Data-Oriented Programming - Inside Java Newscast #29

Data-oriented programming focuses on modeling data as data (instead of as objects). Records for data and sealed types for alternatives let us model immutable data where illegal states are unrepresentable. Combined with pattern matching we get a safe, powerful, and maintainable approach to ad-hoc polymorphism that lets us define operations on the data without overloading it with functionality.

Always embed videos

(and give me a cookie to remember - privacy policy)

Watch on YouTube

Intro

Welcome everyone, to the Inside Java Newscast where we cover recent developments in the OpenJDK community. I'm Nicolai Parlog, Java developer advocate at Oracle, and today we're gonna learn about data-oriented programming. Well, I learned about it a few days ago in Brian Goetz's article "Data Oriented Programming in Java" and now I want to share that with you. In fact, Brian put most things so well, that I'll often just say his words out loud.

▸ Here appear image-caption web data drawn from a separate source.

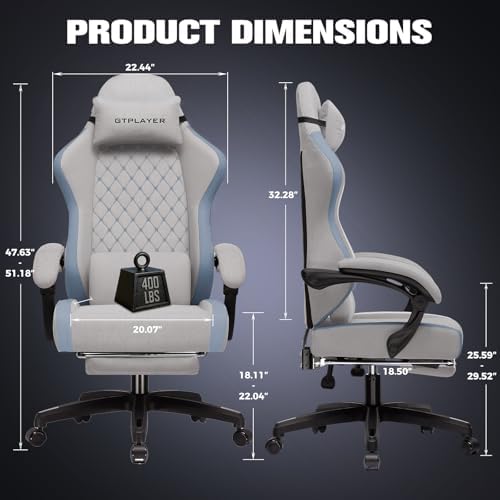 GTPLAYER Gaming Chair, Ergonomic Computer Chair with Footrest and Lumbar Support, High Back Recliner Chair 350lbs, Height Adjustable for Home Office, Grey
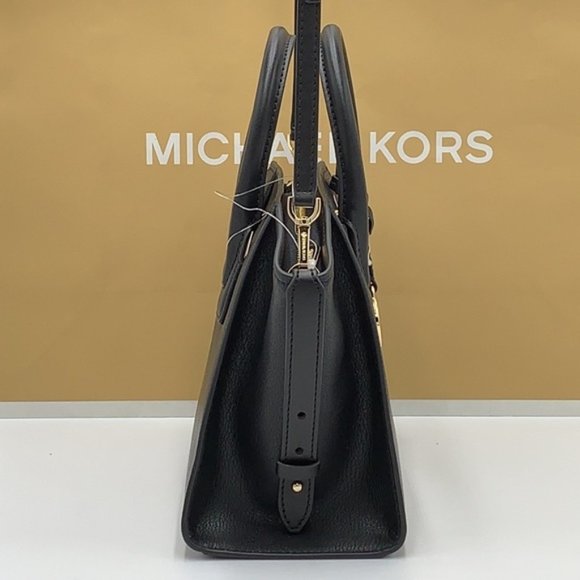 Michael Kors Avril Small Leather Top-Zip Satchel Black color - Picture 11 of 16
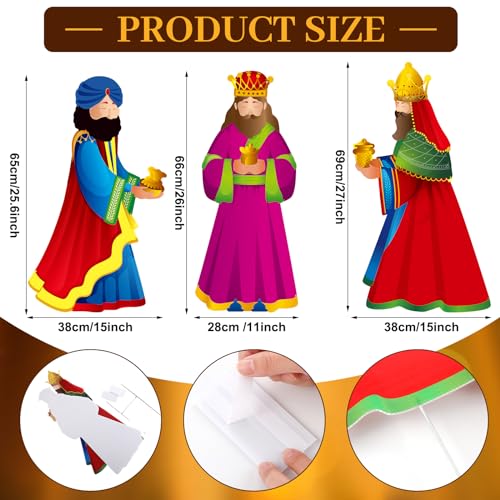 Wenqik 3 Pcs Christmas Three Wise Men Outdoor Yard Signs with Stakes Religious Nativity Scene Signs Three Kings Outdoor Lawn Decoration Set for Christmas Yard Lawn Garden Pathway Decorations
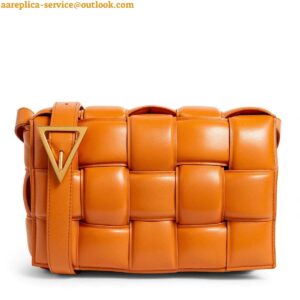 Replica Bottega Veneta Padded Cassette Bag In Orange Intrecciato Lambskin 2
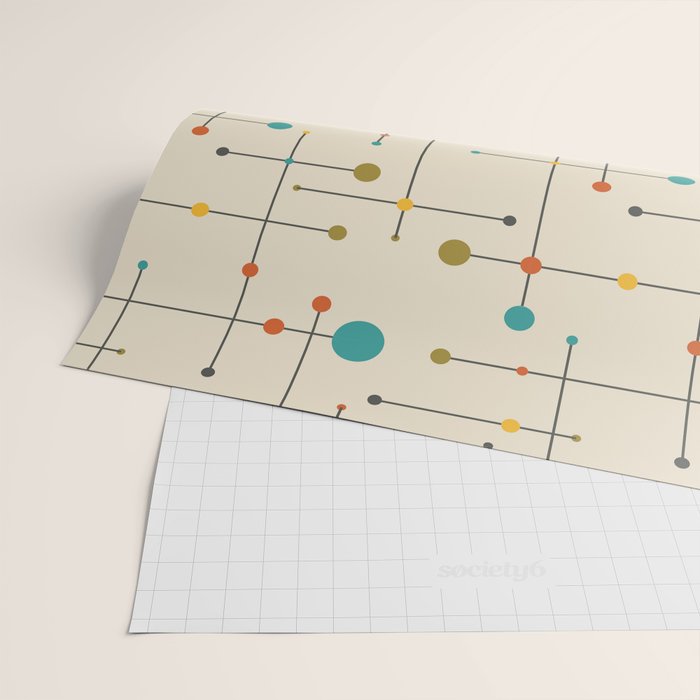 Amazing Mid Century Decoration Wrapping Paper Gallery Image 2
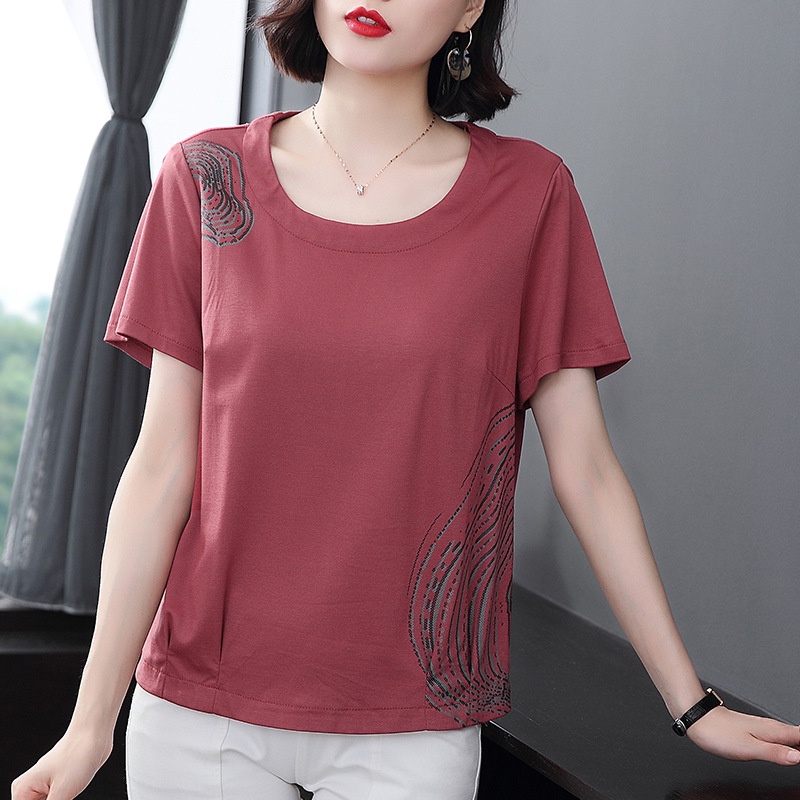 NT7251 Áo thun nữ hè tay ngắn cho người trung tuổi hàng nhập (50-75kg)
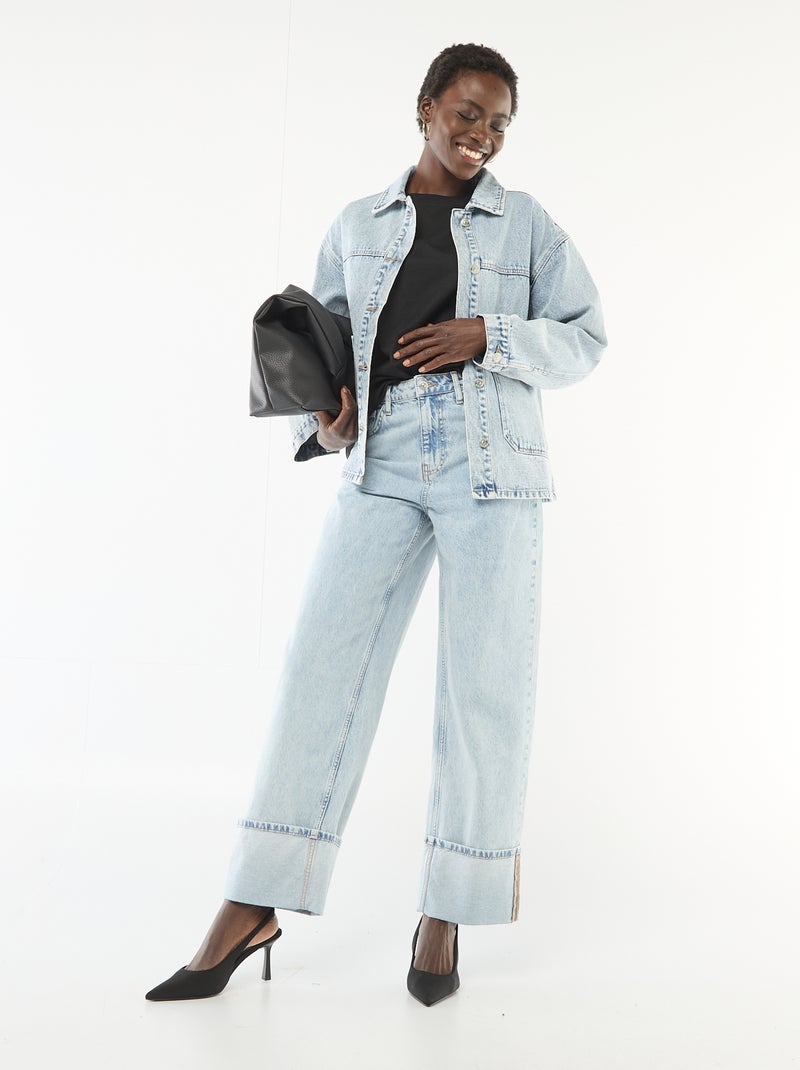 Veste en jean à poches plaquées Bleu - Kiabi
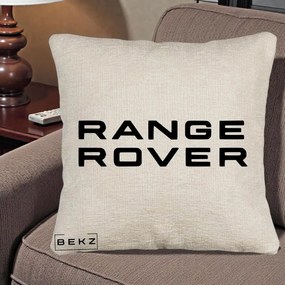 Perna Personalizata cu emblema Range Rover, 40x40 cm, Bej Canapea, Husa Detasabila, Perna Inclusa, BEKZ®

So let's see what DOP is all about, how it uses new language features like records and pattern matching to shape our code, and how it relates to OOP, object-oriented programming, that is. I'll start at the deep end and come to the motivation later so hold your "But Objects" comments until the end. Ok? Then let's dive right in!

Data-Oriented Programming

Data-oriented programming is a relatively new term and, by the way, totally unrelated to data-oriented design, so keep those two apart. It encourages us to model data as immutable data, separating it from the domain logic that acts on it. It hinges on sealed types and records, the combination of which is called algebraic data types (ADT for short), to express data and pattern matching to add behavior to it.

Brian formulates four principles:

  1. Model the data, the whole data, and nothing but the data. Records should model data. Make each record model one thing, make it clear what each record models, and choose clear names for its components. Where there are choices to be modeled, such as "a search can result in no match, an exact match, or a few fuzzy matches", model these as sealed classes, and model each alternative with a record. Behavior in record classes should be limited to implementing derived quantities from the data itself, such as formatting.
  2. Data is immutable. If we want to model data, we should not have to worry about our data changing out from under us. Records give us some help here, as they are shallowly immutable, but it still requires some discipline to avoid letting mutability inject itself into our data models.
  3. Validate at the boundary. Before injecting data into our system, we should ensure that it is valid. This might be done in the record constructor (if the validation applies universally to all instances), or by the code at the boundary that has received data from another source.
  4. Make illegal states unrepresentable. Records and sealed types make it easy to model our domains in such a way that erroneous states simply cannot be represented. Just as immutability eliminates many common sources of errors in programs, so does avoiding modeling techniques that allow us to model invalid data.

So that's Brian's four principles for data-oriented programming in Java. Let's put these into practice!

In Practice I

Let's start with something simple. Say you have a method that returns a result, say a User, but sometimes there isn't one - what should be the return type? Of course it could just be User and we return null to signal absence, but that's error-prone and frustrating.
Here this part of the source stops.